3.2 Tasks And Datasets
We compared these methods to define and populate two target relations: conducts(material,energy), and has-part(animal,bodypart). All methods extract knowledge from the same corpora of science text, consisting of ∼1.5M sentences (largely) about elementary science drawn from science textbooks, Simple Wikipedia, and the Web. For each relation, two (different) users familiar with IKE were asked to construct these tables. The numbers presented in Table 3 and Table 4 are averaged over these two users. Although this study is small, it provides helpful indicators about IKE's utility. Table 3 shows the results for building the conducts(material,energy) table. Most importantly, with IKE the user was able to discover substantially more patterns (31 vs. 7) with higher accuracy (52.7% vs. 25.5%) than the manual approach, resulting in a larger table (59 vs. 27 rows) in less time (20 vs. 30 mins). It also shows that fully automatic bootstrapping produced a large number of low quality (34.4% precision) rules, with an overall lower yield (63 rows).
3.3 Results
Note that for both Manual and IKE, users have to decide how to spend their time budget, in particular between work on creating high-quality patterns vs. work on annotating examples found by those patterns. Thus the precision scores in the Tables reflect how the users chose to make this tradeoff, while the yield reflects their success at the overall goal, namely building a good table. Table 4 shows similar results for constructing the has-part(organism,bodypart) table, IKE having the highest overall yield. Although this is a small case study, it suggests that IKE has value for rapid knowledge base construction.
4 Conclusion
We have presented IKE, a usable, general-purpose tool for interactive extraction.

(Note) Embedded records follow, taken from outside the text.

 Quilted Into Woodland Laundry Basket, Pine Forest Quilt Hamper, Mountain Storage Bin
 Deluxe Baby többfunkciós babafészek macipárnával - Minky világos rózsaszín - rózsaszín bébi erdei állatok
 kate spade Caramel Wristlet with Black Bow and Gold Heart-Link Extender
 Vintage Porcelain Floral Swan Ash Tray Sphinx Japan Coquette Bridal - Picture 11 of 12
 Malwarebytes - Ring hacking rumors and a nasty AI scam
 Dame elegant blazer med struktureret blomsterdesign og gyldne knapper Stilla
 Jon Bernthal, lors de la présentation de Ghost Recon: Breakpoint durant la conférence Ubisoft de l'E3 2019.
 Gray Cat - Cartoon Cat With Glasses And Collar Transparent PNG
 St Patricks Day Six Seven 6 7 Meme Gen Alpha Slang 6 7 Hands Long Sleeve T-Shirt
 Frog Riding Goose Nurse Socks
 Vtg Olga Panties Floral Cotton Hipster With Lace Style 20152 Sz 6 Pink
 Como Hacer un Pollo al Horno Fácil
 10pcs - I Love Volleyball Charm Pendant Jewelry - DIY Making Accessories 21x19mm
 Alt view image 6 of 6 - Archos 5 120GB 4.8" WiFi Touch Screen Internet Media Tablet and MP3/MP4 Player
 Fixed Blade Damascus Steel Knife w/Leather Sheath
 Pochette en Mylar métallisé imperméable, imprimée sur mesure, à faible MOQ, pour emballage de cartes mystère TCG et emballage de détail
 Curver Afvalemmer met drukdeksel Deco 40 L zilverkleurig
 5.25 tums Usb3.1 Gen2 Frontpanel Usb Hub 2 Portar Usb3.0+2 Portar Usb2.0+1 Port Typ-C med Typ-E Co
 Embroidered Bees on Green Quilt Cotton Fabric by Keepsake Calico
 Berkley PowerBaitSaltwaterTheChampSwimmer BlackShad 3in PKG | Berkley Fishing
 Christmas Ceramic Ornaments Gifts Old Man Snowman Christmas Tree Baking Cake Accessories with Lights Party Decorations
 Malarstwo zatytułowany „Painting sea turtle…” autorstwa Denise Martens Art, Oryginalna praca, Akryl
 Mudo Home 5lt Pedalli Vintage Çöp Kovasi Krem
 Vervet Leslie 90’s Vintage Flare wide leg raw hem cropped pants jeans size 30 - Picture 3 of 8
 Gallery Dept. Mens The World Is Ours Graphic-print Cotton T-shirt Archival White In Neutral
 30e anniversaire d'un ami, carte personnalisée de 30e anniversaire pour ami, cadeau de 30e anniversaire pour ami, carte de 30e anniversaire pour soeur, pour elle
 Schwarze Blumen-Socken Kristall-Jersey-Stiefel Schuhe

It has an expressive, easily comprehensible query language that integrates symbolic (boolean) and distributional (similarity-based) methods for search, and has a fast execution time. A preliminary evaluation suggests that IKE is effective for the task of knowledge-base construction compared to manual pattern authoring or using fully automated extraction tools. We are currently using this tool to expand the KB used by the Aristo system (Clark et al., 2016) , and are making IKE publically available on our Web site at http://allenai.org/software/ interactive-knowledge-extraction.